■ **Supplied information**
........

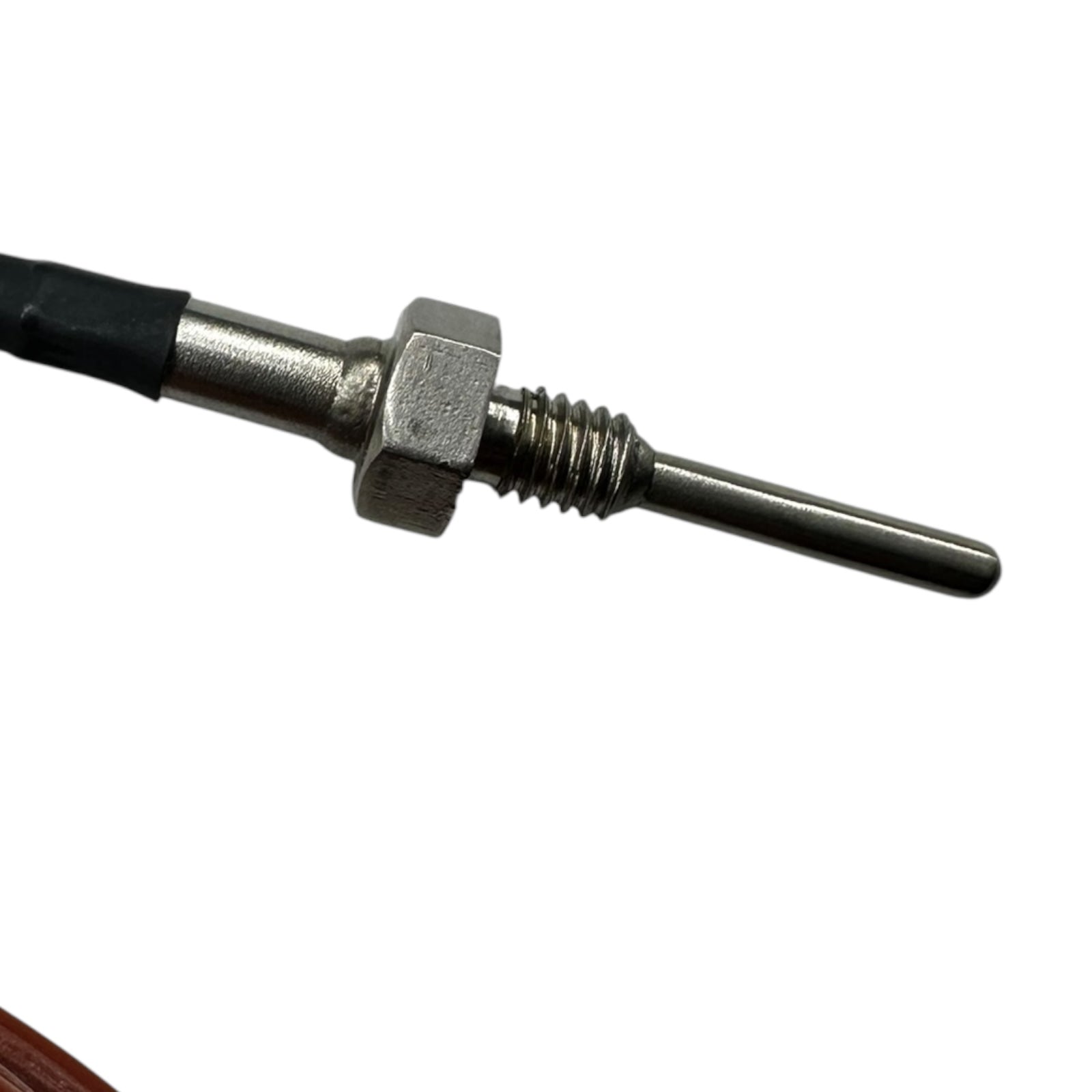 Limatherm TOPE-363Exi-25 Temperaturfühler Pt100 Sensor M6 5m IP65 ATEX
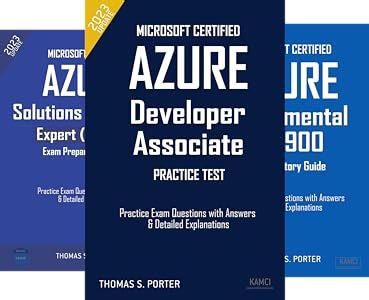 Microsoft Azure Certifications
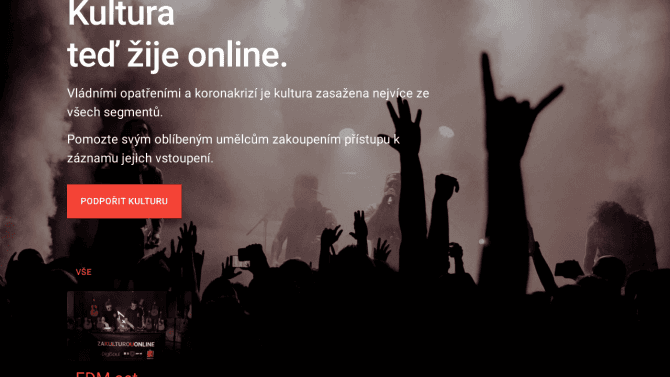 ZaKulturou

........

With the pictures set aside, write out the whole listing exactly.

■ **Output of the exercise**
 Limatherm TOPE-363Exi-25 Temperaturfühler Pt100 Sensor M6 5m IP65 ATEX
 Microsoft Azure Certifications
 ZaKulturou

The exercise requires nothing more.